Harper believed that he should have caught Blanco's drive.

"I put that whole loss on me," Harper said.

Said Blanco, "I knew I hit it hard and they were going to play no-doubles [defense]. They were playing deep. But this is a tough park to read the balls. I've played that right field. I know how tough those balls are. Harper did a great job to try to catch the ball. But for me it was good."

It was even better for the Giants an inning later. Marco Scutaro, who extended his hitting streak to 19 games with an eighth-inning double, gave the Giants life in the 10th by singling with one out off Maya, who was recalled earlier in the day from Triple-A Syracuse. Up came Sandoval, who clobbered a 1-0 changeup into the right-center-field seats for his second career walk-off homer.

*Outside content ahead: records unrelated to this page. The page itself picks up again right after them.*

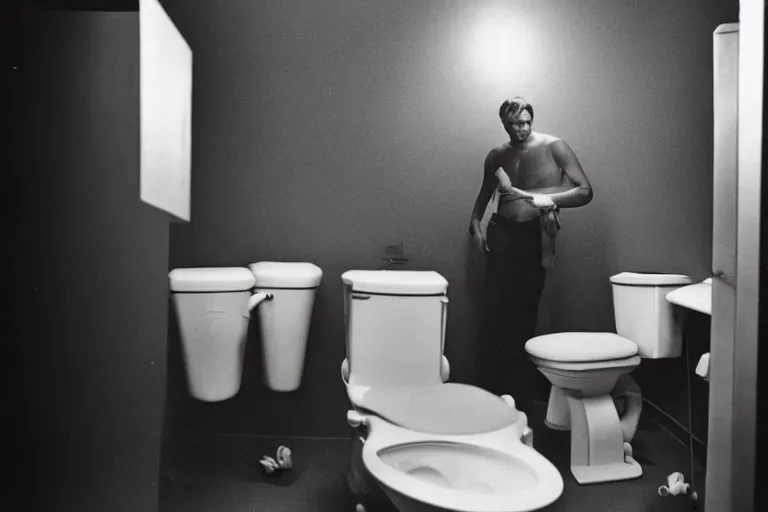 Prompt: leonardo dicaprio cleaning a toilet, ominous lighting, by richard avedon, tri - x pan stock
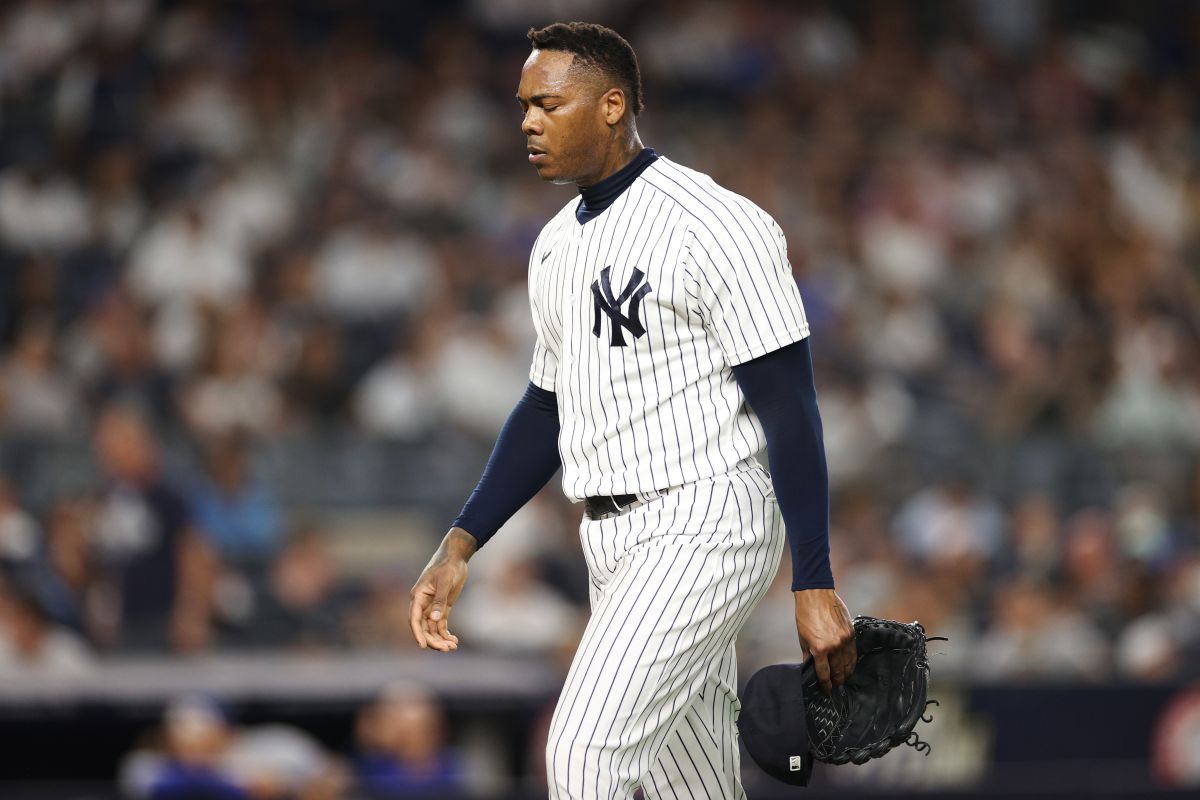 Aroldis Chapman durante su última presentación hasta la fecha con Yankees el pasado jueves 22 de septiembre ante Boston.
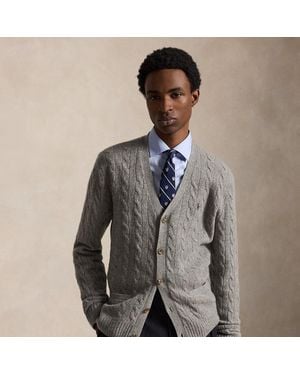 Polo Ralph Lauren Cable-Knit Wool-Cashmere Cardigan - Gray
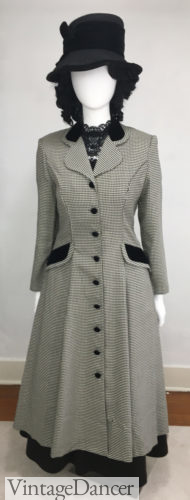 A1980s does late Victorian era herringbone coat outfit idea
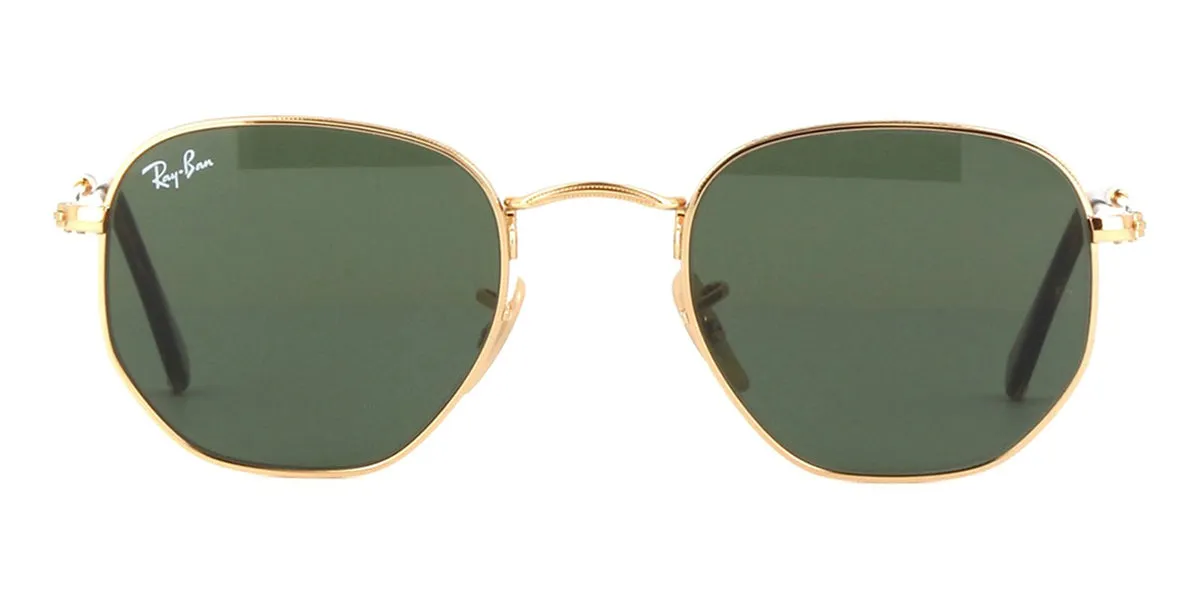Ray-Ban RB 3548N 001 Hexagonal Gold With Flat Lenses - As Seen On Dwyane Wade & Molly-Mae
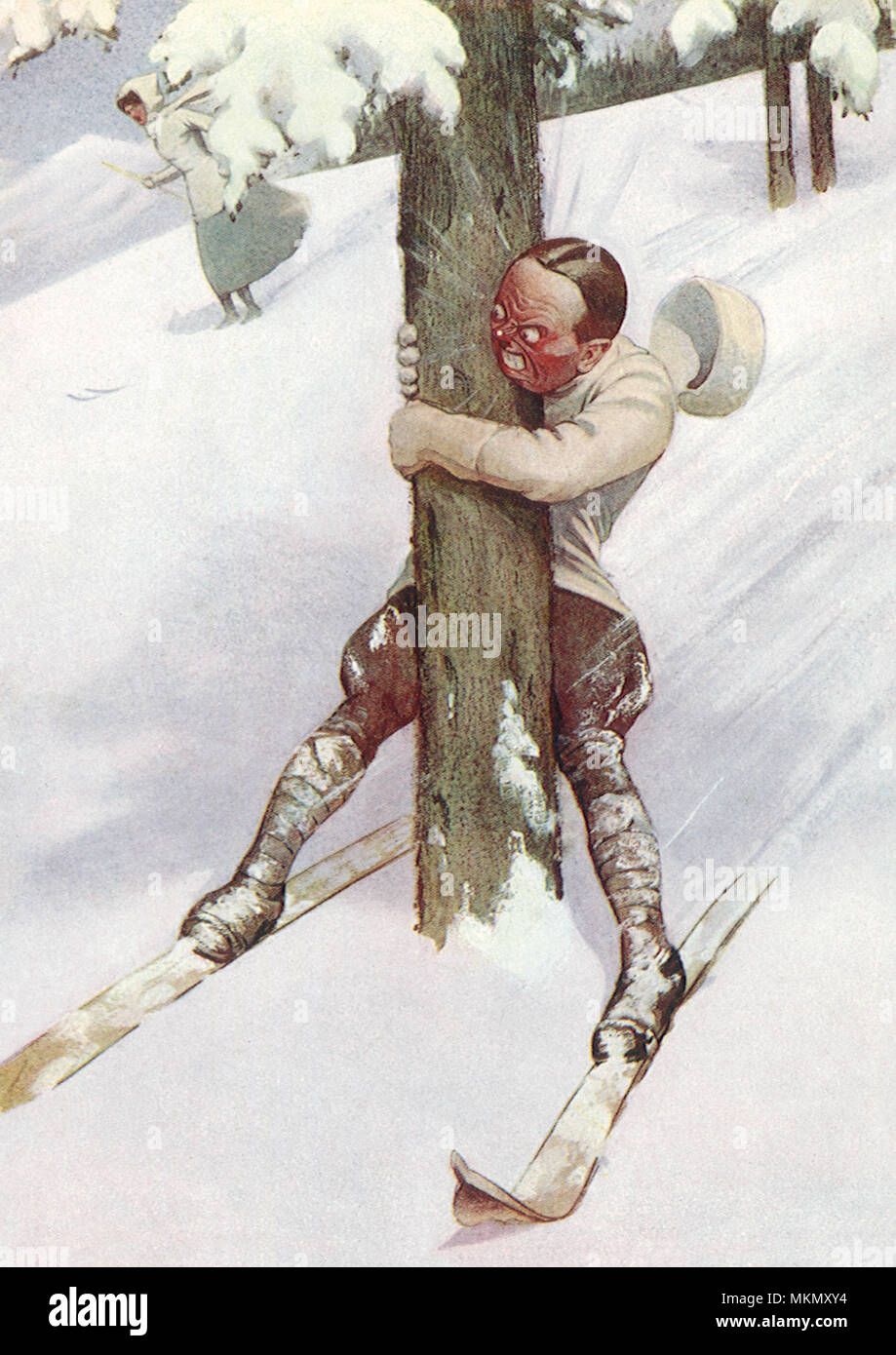 Skier Stops Tree with Body Stock Photo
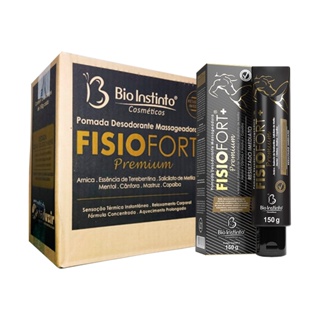 12 Pomadas Desodorante Massageadora Fisiofort Premium Preta 150g (Nova Embalagem) - Bio Instinto
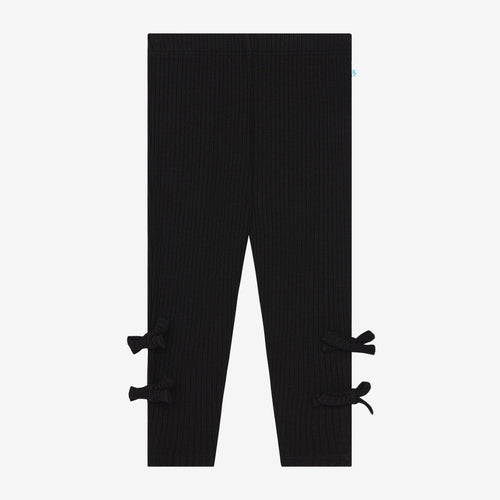 Black Ribbed Bow Leggings
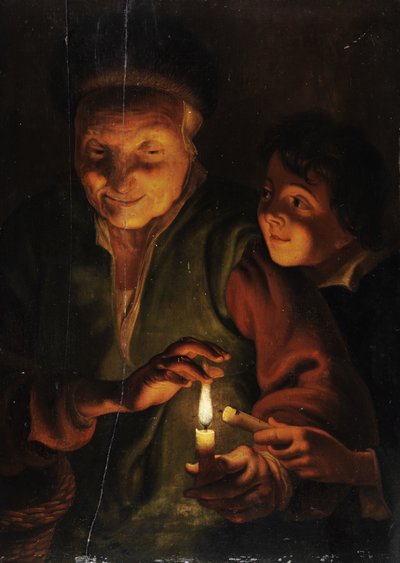 Anciana con niño a la luz de las velas de Johann Georg Trautmann
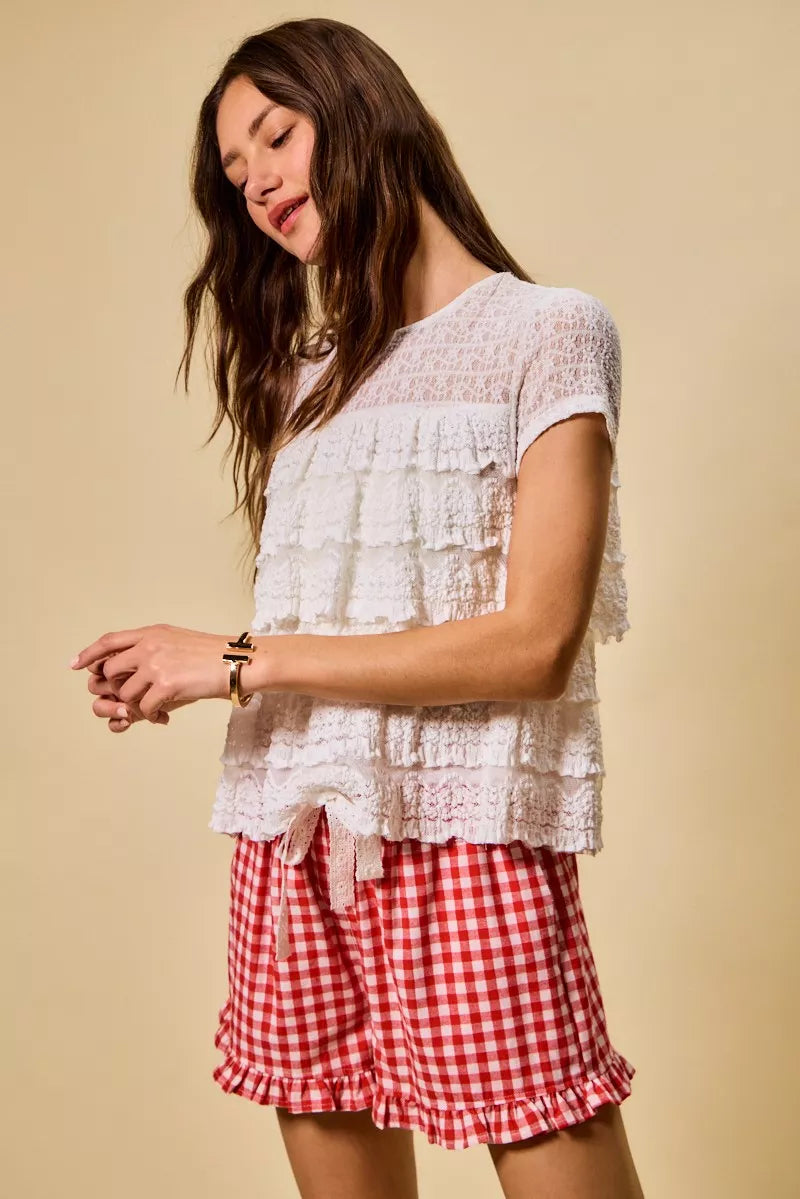SO ME Ruffle Tiered Stretch Lace Short Sleeves Knit Top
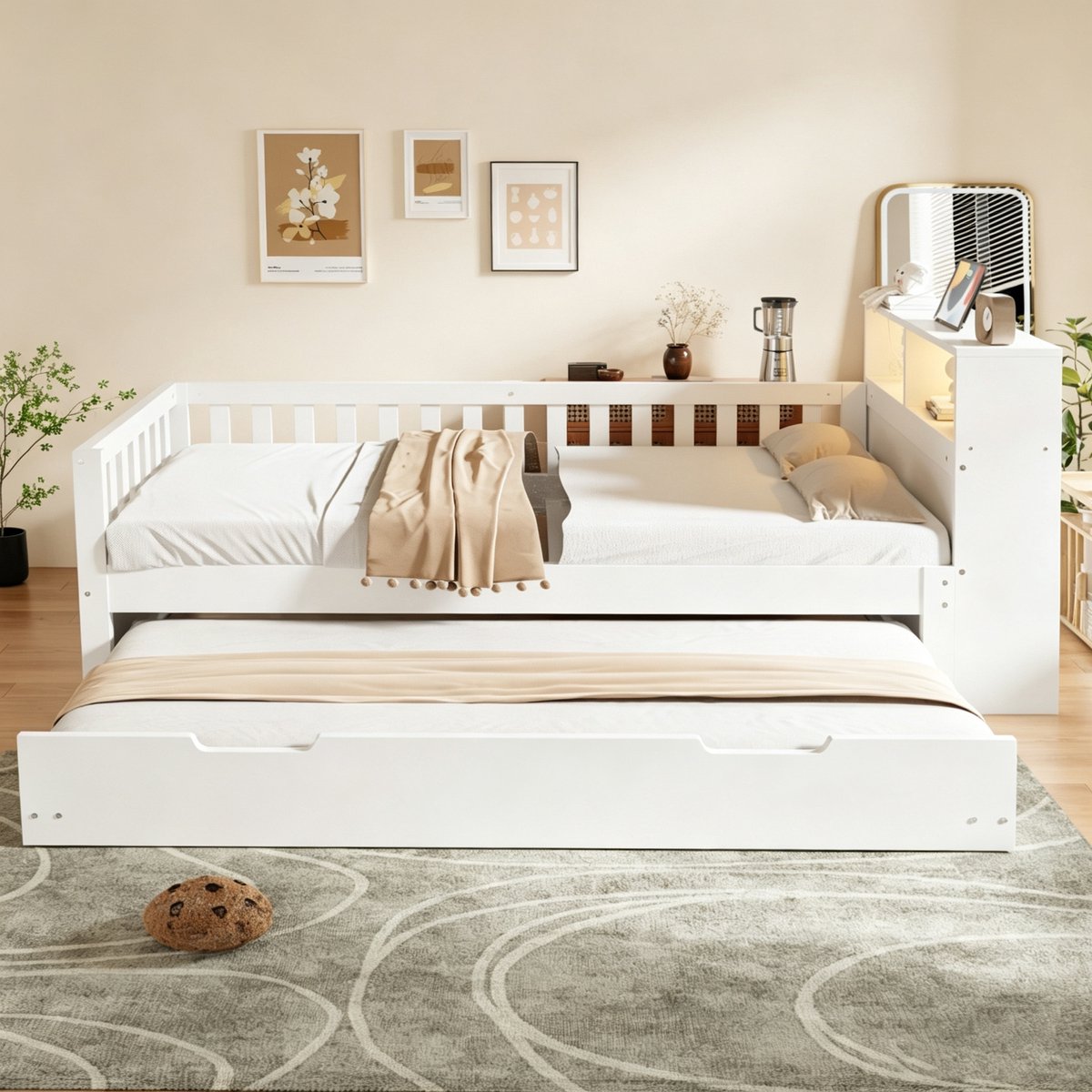 VVBV Bedbank 90x200 cm - Uitschuifbaar, Uitvalbeveiliging, USB & Type-C, Opbergruimte - Wit, Hout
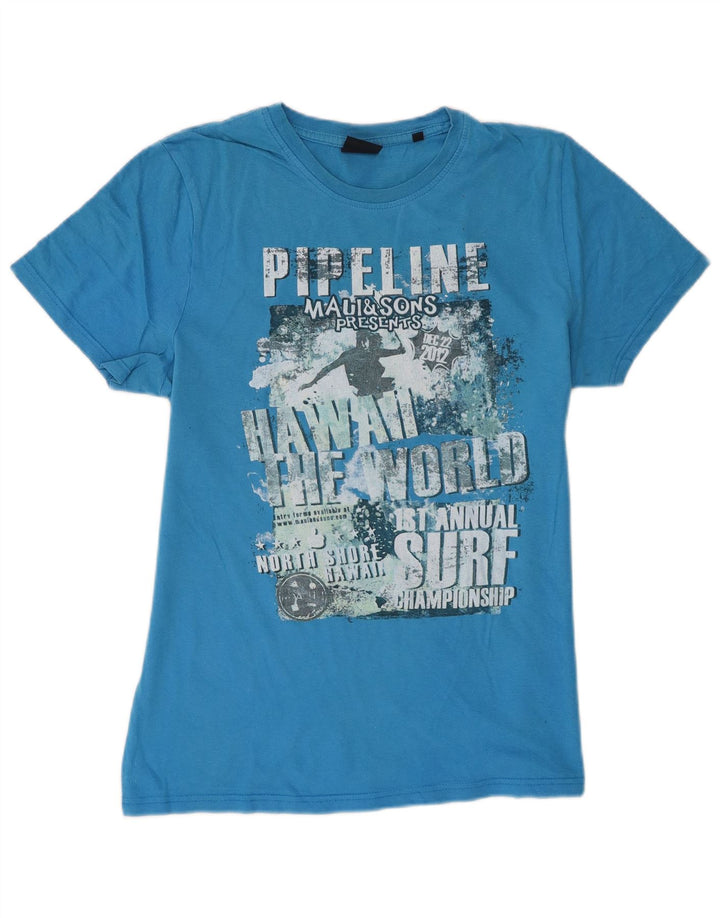 Maui and Sons Ανδρικό γραφικό T-Shirt Top από μεσαίο μπλε βαμβακερό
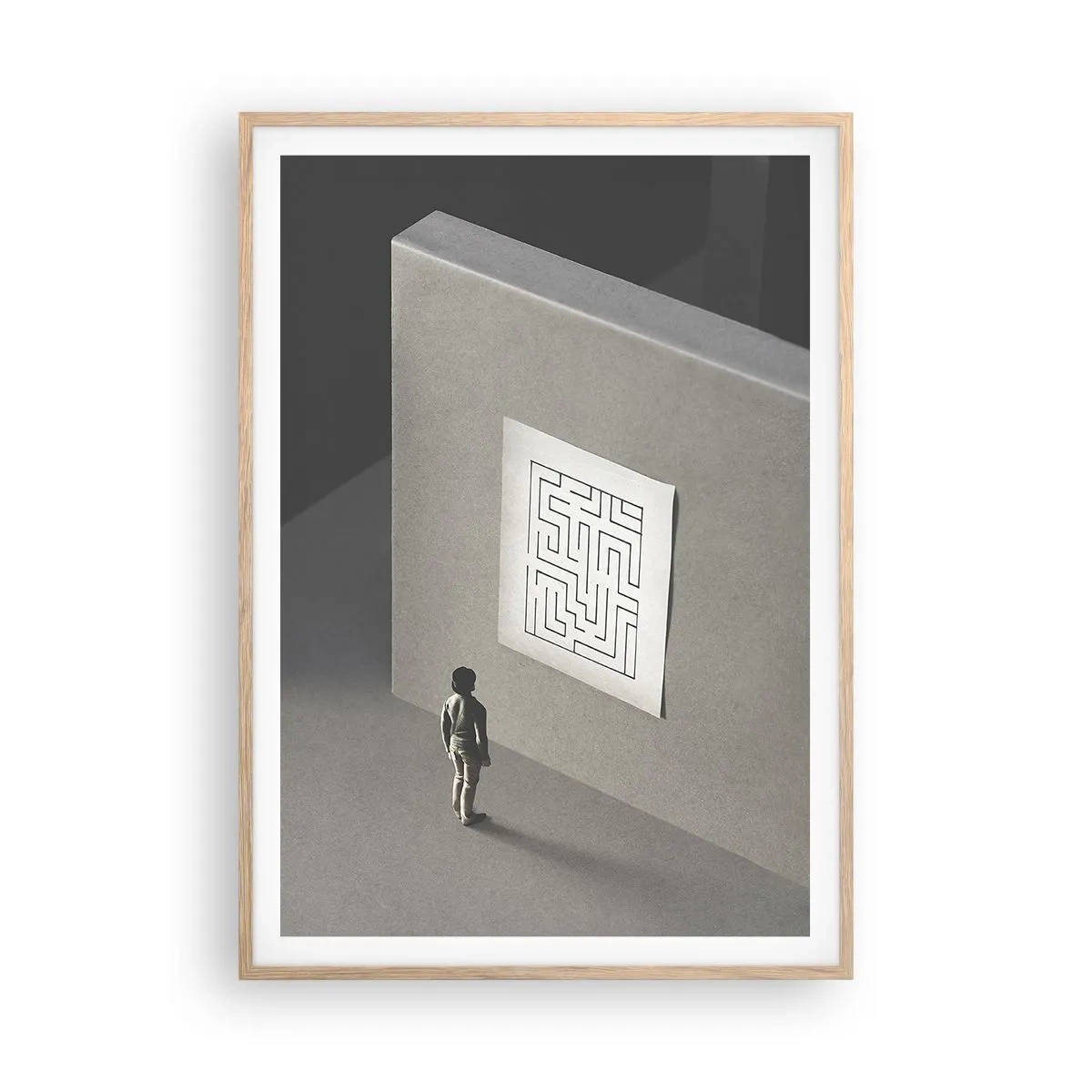 Pôster com moldura de carvalho claro - Mas onde estou? - 70x100 cm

Sandoval received intravenous fluids to help prepare himself for the game. He prepared himself for Maya by receiving a mini-scouting report on the right-hander.

"I heard he threw a lot of strikes," Sandoval said. "That's what I was focused on in that at-bat."

Earlier, the focus was on the deliciously taut contest. The Giants resumed playing mistake-free defense and were matched in their precision by Washington. After shaky starts, Cain and Strasburg settled down for seven innings to engage in a virtual standoff that pitching connoisseurs could appreciate.

Cain blanked Washington on one hit for the final six innings he worked. Strasburg was equally effective, yielding one hit in his last five innings after surrendering four hits through two innings.

"I think that's what both of us expected, facing each other. We thought it was going to be a close game," Cain said. "It was going to come down to whoever made the most mistakes. I made a couple of mistakes and he really didn't. But the guys kept going at it."

Chris Haft is a reporter for MLB.com.